Ma la morte di Sophie Kinsella è stata un’eccezione. La redattrice precaria inurbata, l’avvocato nella città di provincia, la maestra con figli, la bocconiana emigrata a Londra: tutte abbiamo condiviso e commentato con dispiacere la morte della scrittrice di I love shopping. Perché la notizia sì, era triste, ma ci ricordava anche qualcosa di allegro.

Ai tempi delle medie, in una domenica qualsiasi dei primi anni Duemila, i genitori pazienti della mia amica ­– quella che ora fa la maestra e ha due bambini bellissimi – ci portarono a fare una gita a Vigevano. Cercando di tirar sera, entrammo in una libreria di catena sotto i portici della piazza principale. Erano tempi in cui leggevo tanto, ma alla rinfusa, e solo libri della biblioteca. Tra quelli esposti nel negozio la mia attenzione venne attirata da I love shopping in bianco in edizione tascabile Oscar Mondadori, già con la dicitura bestsellers in bella vista. Sulla copertina bianca e argentata il profilo stilizzato di una sposa che riceve un regalo con fiocco in carta rosso sgargiante, abbinato alla parola “shopping”, mi sembrò irresistibile.

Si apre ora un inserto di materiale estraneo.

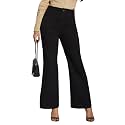 Miss Chase Women's Wide-Leg High-Rise Regular-Length Stretchable Shaping Denim Jeans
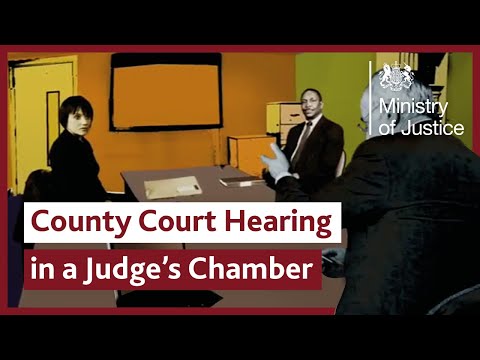 in chambers - What happens when you're in a dispute over a sum of money and the trial happens in the judge's chambers, instead of a courtroom. More information at www.dire...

Comprarlo sarebbe stato superfluo perché l’avrei potuto trovare gratis in biblioteca al paese. Erano tempi nei quali ogni acquisto non necessario e oltre i cinque euro richiedeva una telefonata a mia madre per l’approvazione. Tentennavo – era primo pomeriggio, immaginavo i miei genitori mezzo addormentati sul divano davanti alla tivù, con in sottofondo i soporiferi e cadenzati swiiing delle Ferrari (in famiglia “Ferrari” veniva usato come sineddoche per dire auto di Formula1). Ma infine mi convinsi: feci la telefonata, ottenni l’approvazione e nel giro di pochi giorni “divorai” il libro, come si dice.

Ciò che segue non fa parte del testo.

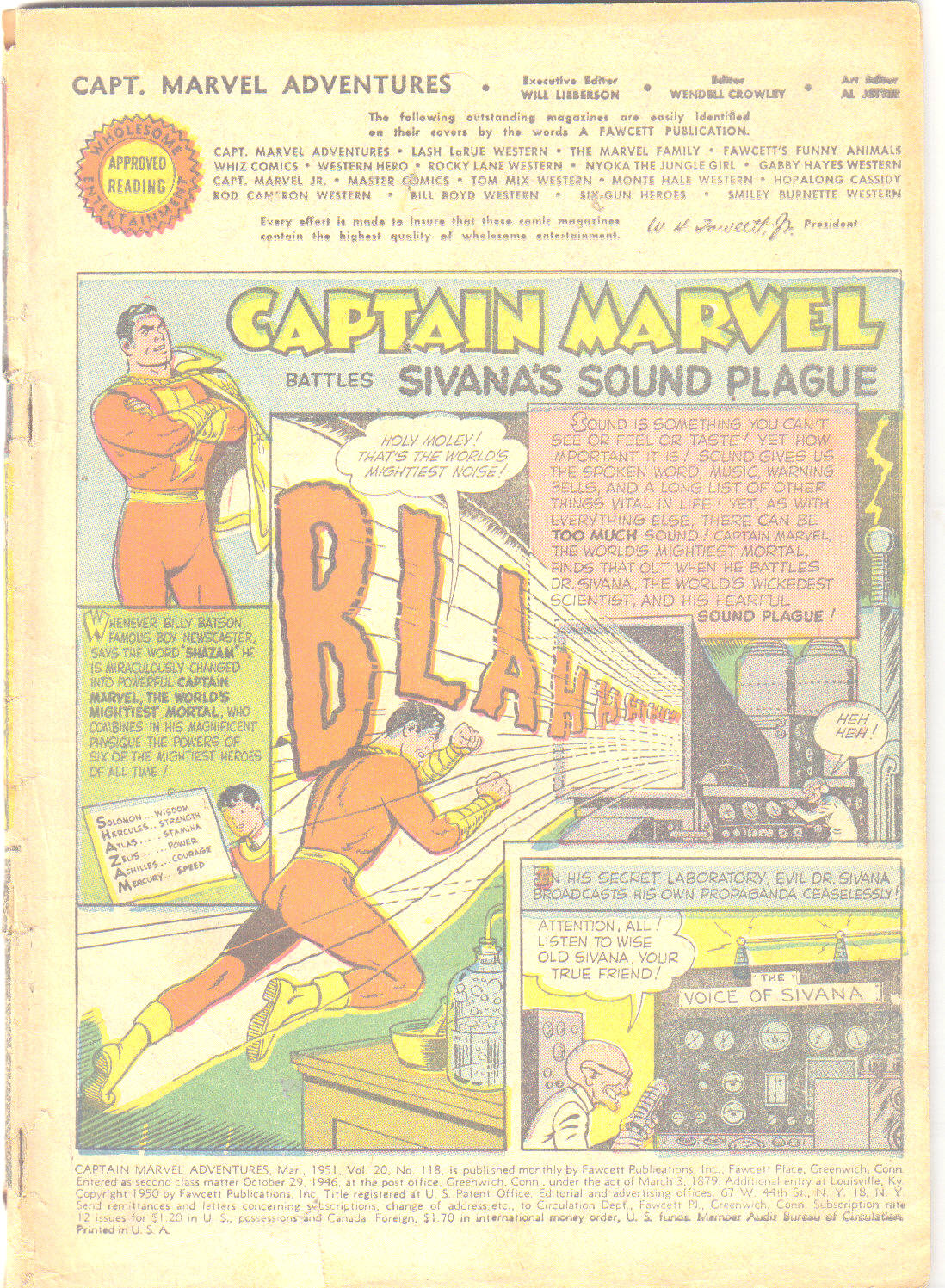 Read online Captain Marvel Adventures comic -  Issue #118 - 4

Fecero poi la stessa cosa la mia amica e un’altra amica e altre ancora: ci passavamo i libri della serie, quelli comprati e quelli presi in biblioteca, li leggevamo e li commentavamo insieme, addirittura. Quando un paio di anni dopo sbarcammo alle superiori, tutte in scuole diverse, constatammo con piacere che anche le altre ragazzine erano adepte della serie. I love shopping si era evidentemente guadagnato un posto nel calderone dei riferimenti pop adolescenziali femminili di quel tempo, di cui facevano già parte i libri di Harry Potter e nel quale più tardi sarebbero confluiti quelli di Twilight.

Come ha notato in una storia di Instagram l’influencer Giulia Torelli – aka rockandfiocc, l’unica vera role model per le millennial italiane che seguono la bolla social, altro che Ferragni (ma questo è un altro discorso) – «per le ragazze della mia generazione [ha 38 anni, ndr] I love shopping è stato… posso dire “life changing”? Questa ragazza pazzerella giovane che ama fare shopping, ama la moda e mette in subbuglio la sua vita per colpa dello shopping. Lo so a memoria questo libro».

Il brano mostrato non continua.